**TASK INSTRUCTIONS**
The full set of lines below has to be duplicated exactly, with no picture kept.

**STORED DATA**

===

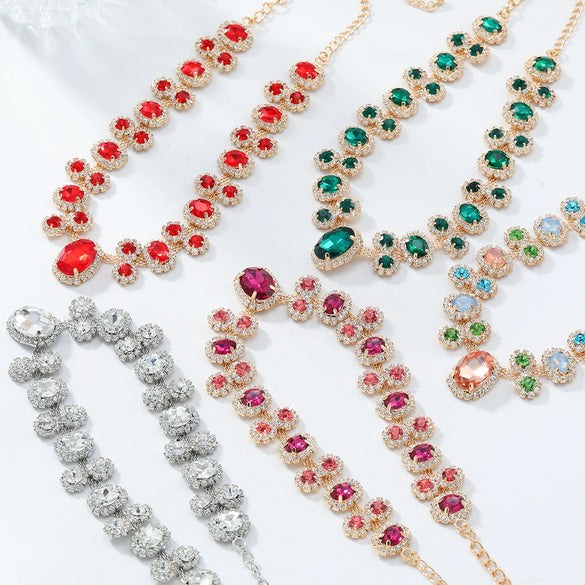 Fashion Jewelry Rhinestone Inlay Women's Earrings And Necklaces Set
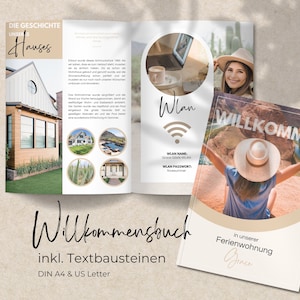 Airbnb Willkommensbuch Vorlage, Canva Vorlage bearbeitbare, Gästebuch, Ferienwohnung, Ferienhaus, Urlaub, Gästemappe, beige Broschüre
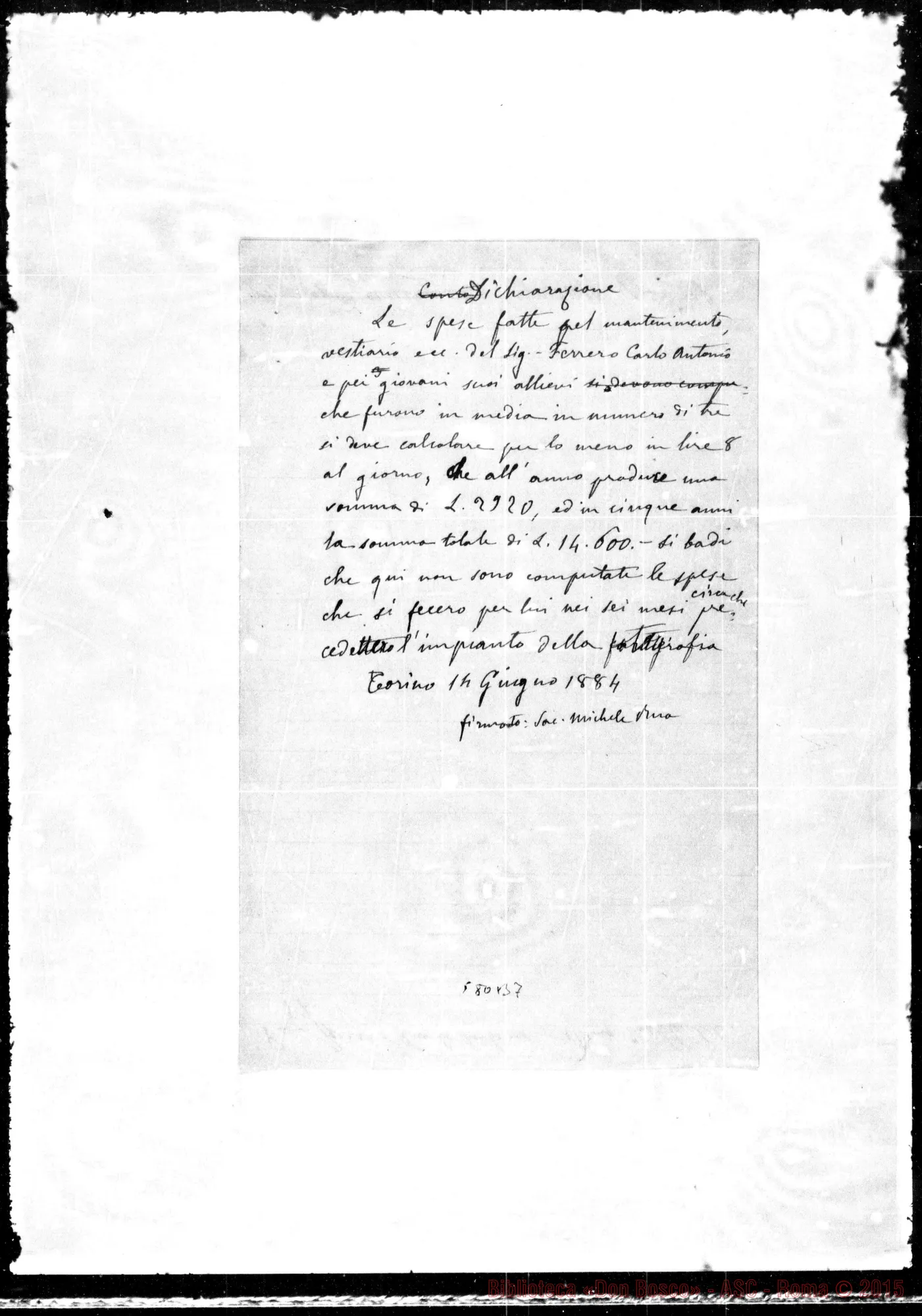 Fotogramma B 7 — Dichiarazione. Copia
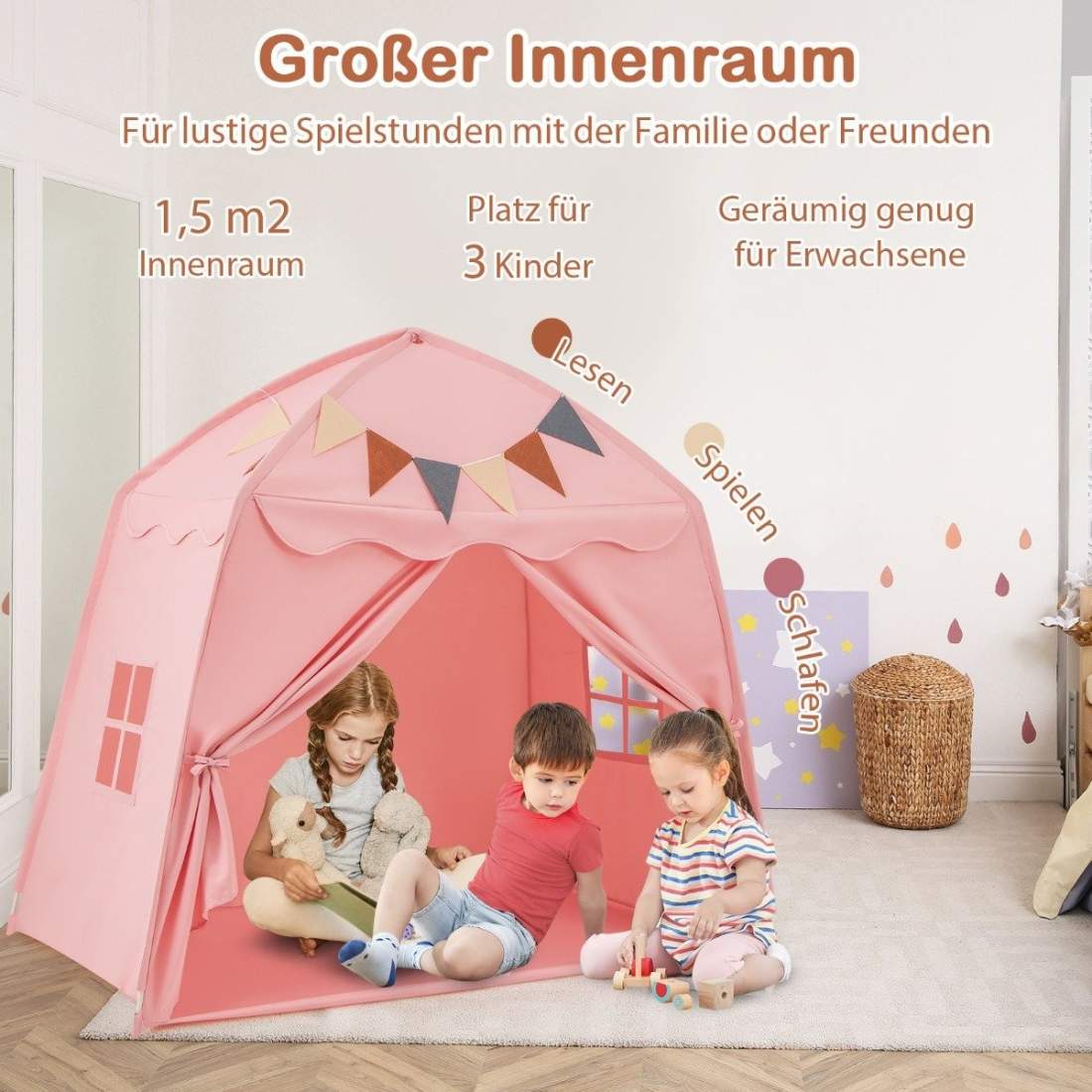 Lekstuga för barn inomhus barntält med flaggor och fairy lights Princess Lektält Rosa | Hem & Hobby - Hem & Hushåll - Tvätt | Pryloteket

===

**SOLUTION BELOW**
 Fashion Jewelry Rhinestone Inlay Women's Earrings And Necklaces Set
 Airbnb Willkommensbuch Vorlage, Canva Vorlage bearbeitbare, Gästebuch, Ferienwohnung, Ferienhaus, Urlaub, Gästemappe, beige Broschüre
 Fotogramma B 7 — Dichiarazione. Copia
 Lekstuga för barn inomhus barntält med flaggor och fairy lights Princess Lektält Rosa | Hem & Hobby - Hem & Hushåll - Tvätt | Pryloteket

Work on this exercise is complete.